Reproduce, word for word, the lines in the material below starting with the one that has "Set 9 - Emerald-Ruby Starter deck image" and going on through the one that has "Samsung Galaxy S22". Leave out all pictures.

START Input for this task

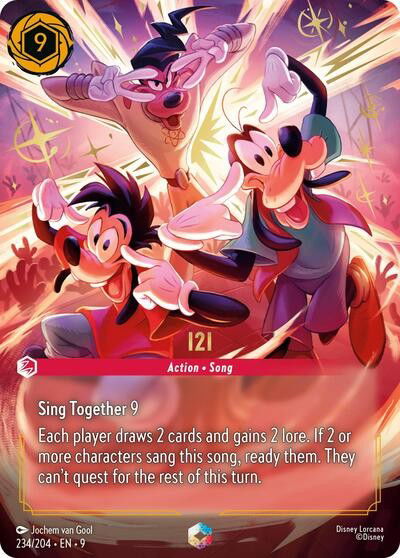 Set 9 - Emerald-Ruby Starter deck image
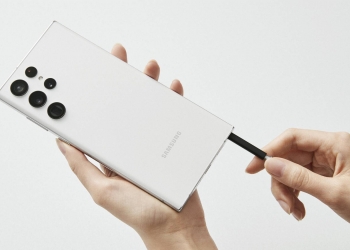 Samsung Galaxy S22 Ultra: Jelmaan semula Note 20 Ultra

END Input for this task
START Input for this task

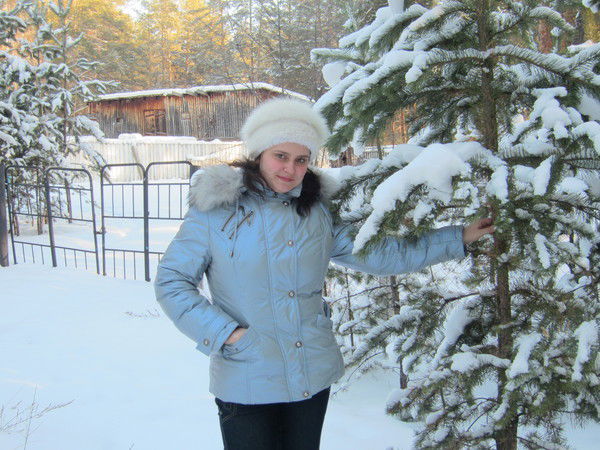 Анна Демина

END Input for this task

Problem solution –
 Set 9 - Emerald-Ruby Starter deck image
 Samsung Galaxy S22 Ultra: Jelmaan semula Note 20 Ultra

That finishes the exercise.